*Data provided:*
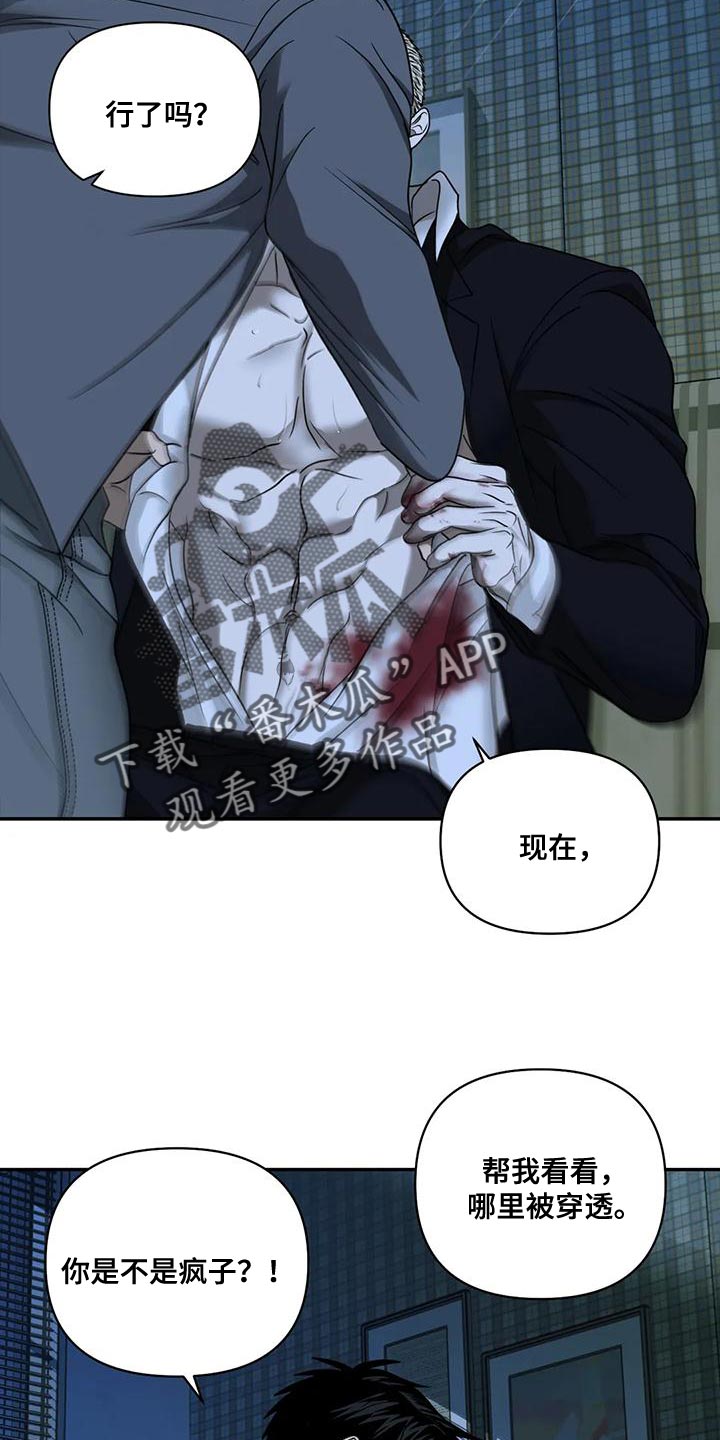 第90章：【第二季】目不转睛14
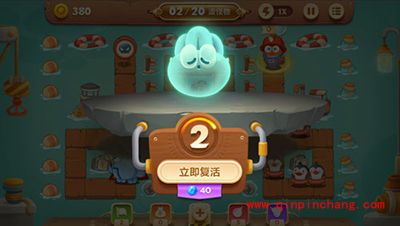 保卫萝卜3如何合理利用钻石资源 不充值的贫民逆袭之路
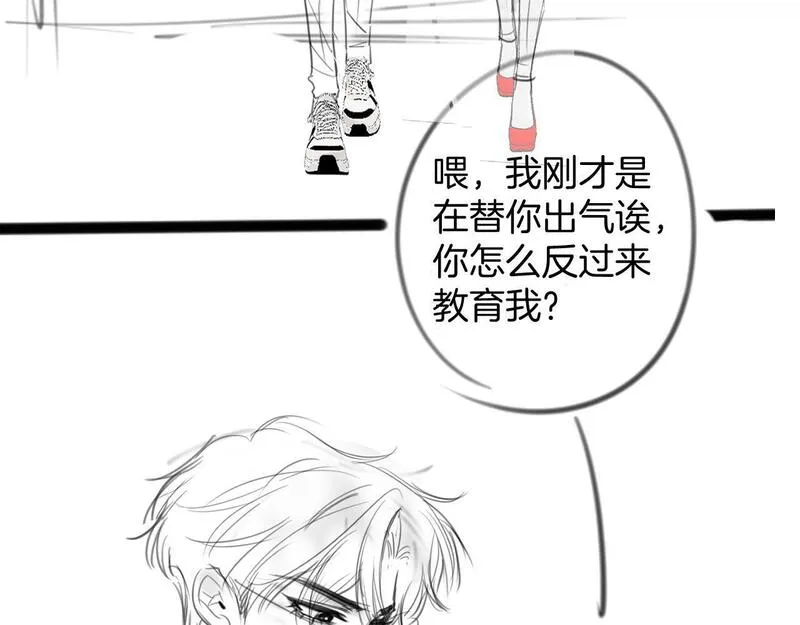 明天也喜欢你叶非夜漫画,第9话 你怎么又坐地上了？112图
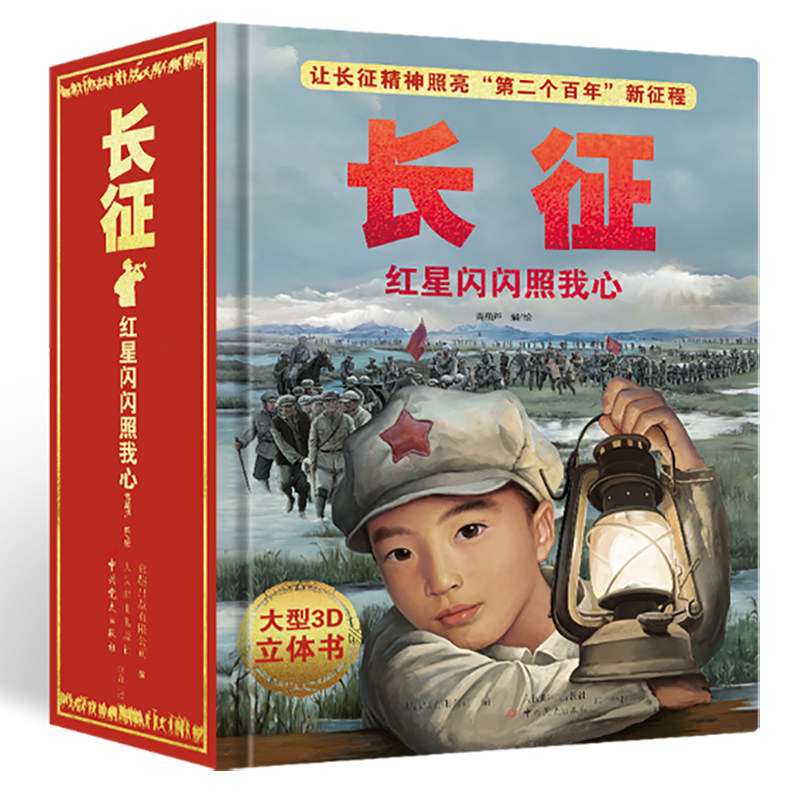 长征 红星闪闪照我心 大型3D立体书 我们的中国十四岁小红军长征的故事记真实还原历史中小学生课外阅读长征故事历史故事书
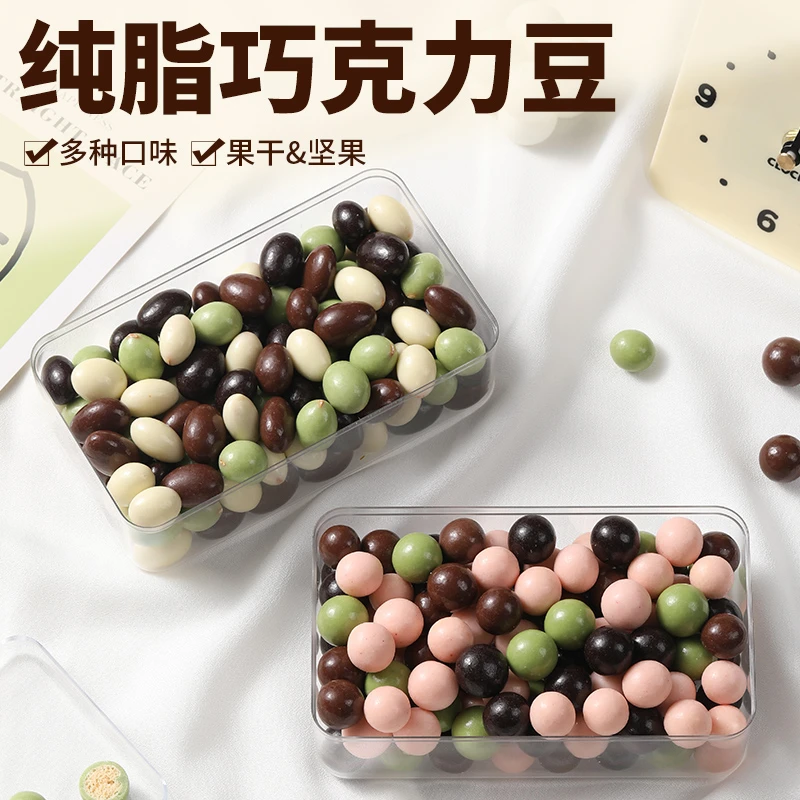 逆势力坚果夹心巧克力豆纯可可脂榛子巴旦木零食酥脆醇香美味浓郁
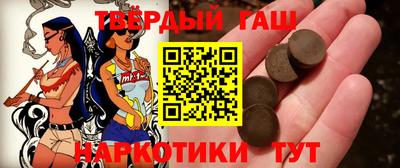 альфа пвп Пушкино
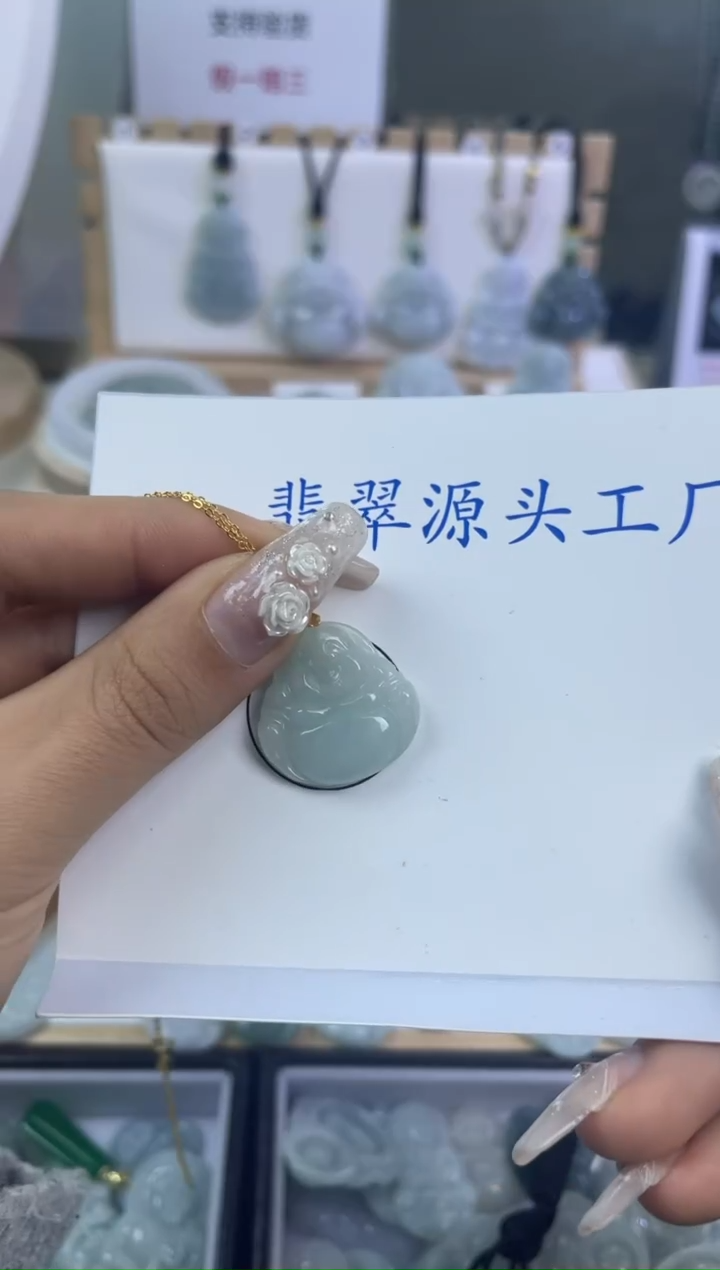 【闪购商品】翡翠颈饰未镶嵌佛公（多样性发货选其一）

*Assignment:*
Transcription of the lines from the one with "长征 红星闪闪照我心 大型3D立体书" through the end of the entries is required, exact and with no pictures.

*Answer box:*
 长征 红星闪闪照我心 大型3D立体书 我们的中国十四岁小红军长征的故事记真实还原历史中小学生课外阅读长征故事历史故事书
 逆势力坚果夹心巧克力豆纯可可脂榛子巴旦木零食酥脆醇香美味浓郁
 альфа пвп Пушкино
 【闪购商品】翡翠颈饰未镶嵌佛公（多样性发货选其一）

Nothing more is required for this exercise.